Let start by saying that there is no one size fits all technology
Agreed.
The first two links you share seem to blame a technology for a vulnerability, whereas the exploit was well known and should have been addressed by the app designers.
A relational database makes it very clear whether you have covered it or not, because you do it in the schema (and sometimes settings if there are different isolation or concurrency levels available) and the DB handles the rest. Les development time and fewer bugs. Of course you can still wreck it with bad code, but its a lot less likely to happen.
MongoDB is rolling out new features in v4 to address the above issue
Promised new features may help, but at the cost of performance. I do not know whether what they promise is adequate to fix the issue as your links only states some form of transactions will be available - for this sort of application you need a high isolation level - generally called serializable.
As for the third article, I assume that you must be running multiple instance of mySQL across a distributed cluster.
I am genuinely puzzled by that comment. Why would it imply use of either mySQL or a distributed cluster, let alone both?
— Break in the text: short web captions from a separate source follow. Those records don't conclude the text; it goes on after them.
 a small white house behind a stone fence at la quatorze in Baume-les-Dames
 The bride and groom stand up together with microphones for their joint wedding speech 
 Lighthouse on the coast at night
Now if you want some specific item, you need to do multiple joins and merges just to get it, whereas in noSQL you access that same data with a simple query on a single document.
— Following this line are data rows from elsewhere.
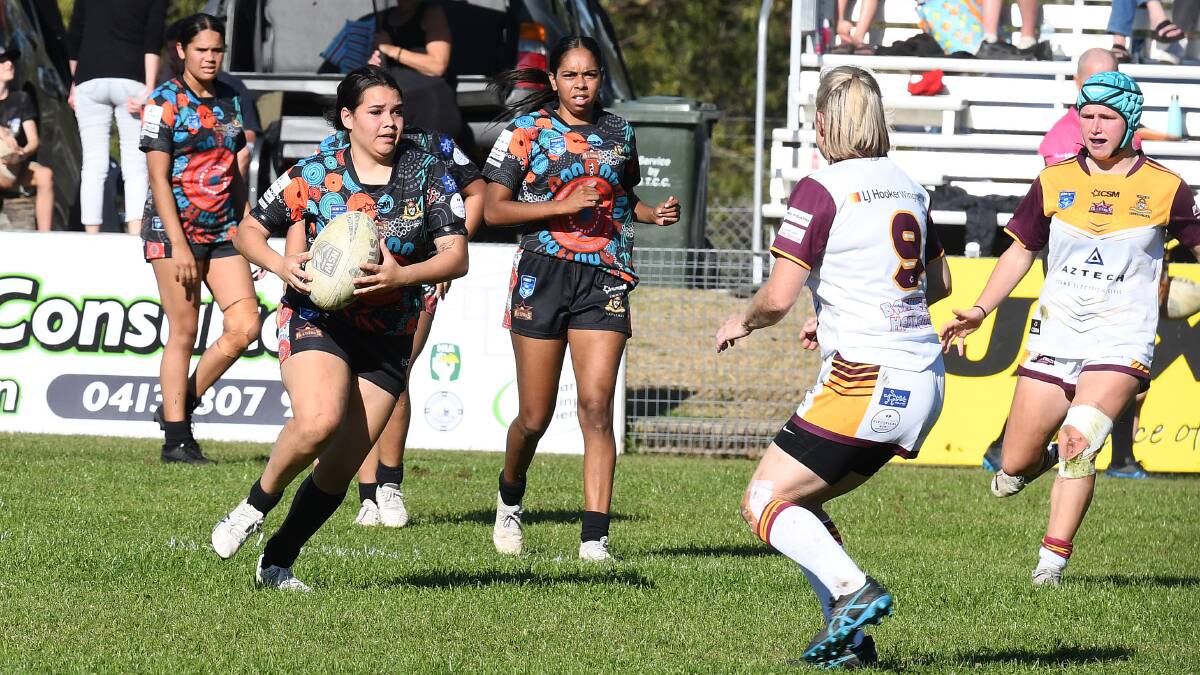 Tquile Singh takes the ball up for the Group Three Indigenous All Stars women's side in the clash against Group Three All Stars last season at Wingham. Picture Scott Calvin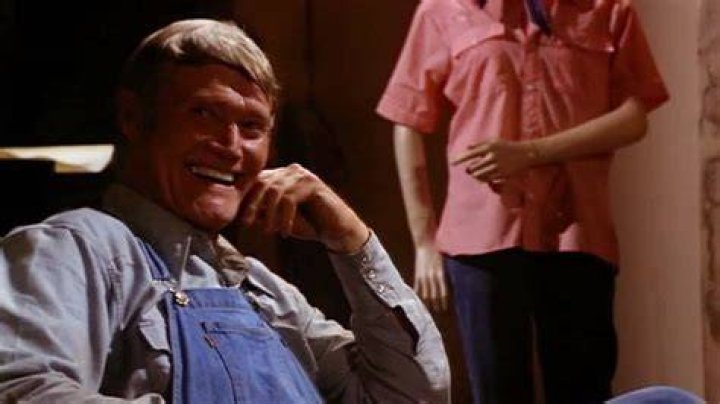 Chuck Connors as Mr. Slausen sitting with his shotgun in Tourist Trap (1979)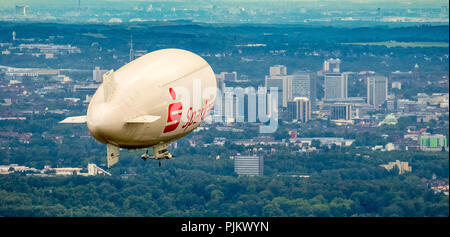 Zeppelin in front of the Essen skyline with town hall tower, Essen skyscrapers, Blimp WDL, airship company, Theodor Wüllenkämper, Sparkasse advertising, advertising inscription, Essen, Ruhr area, North Rhine-Westphalia, Germany Stock Photo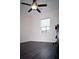 This room features a ceiling fan, window, wood floors, and a desk at 8127 Saveur Ln, Charleston, SC 29406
At that point you are trading flexibility for performance. It works as long as your document structure (your implicit schema) matches your queries. In an extreme case (e.g. web page maps to data in one document) you may as well store you data in the file system.
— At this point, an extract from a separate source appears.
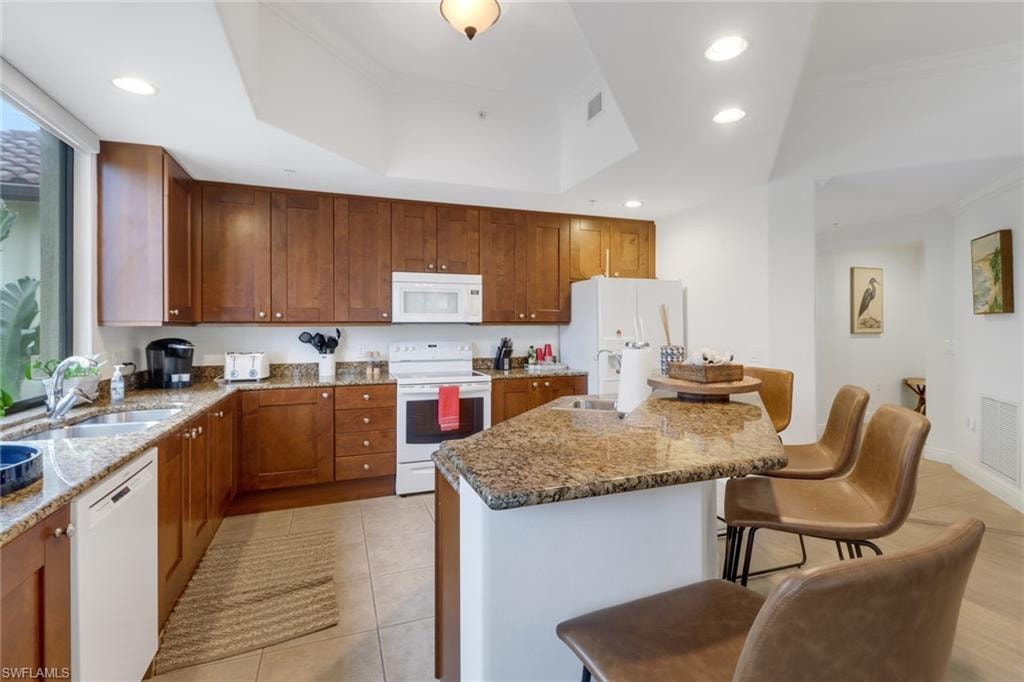 Kitchen with white appliances, a tray ceiling, sink, light tile patterned floors, and crown molding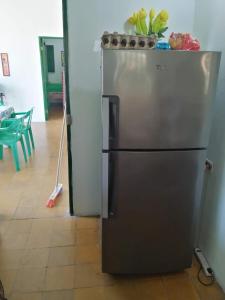 a stainless steel refrigerator in a kitchen at punta bolivar in San Antero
IN most cases, given a good schema and using the tools available (indices, well designed queries, materialized views......) you can get good performance. If you still cannot, cache (and you might use a NoSQL database, usually a KV store, for the cache).
So as a result you end up with massive table structures and huge amount of tables all which are mostly sparse
Lots of tables true - but the structure is not so much more complex than that of a document DB as well defined. Lots of sparse tables is either an unusual case of a symptom of badly designed tables. It is also not always that much of a problem - Postgres requires one bit per row extra for nullable columns.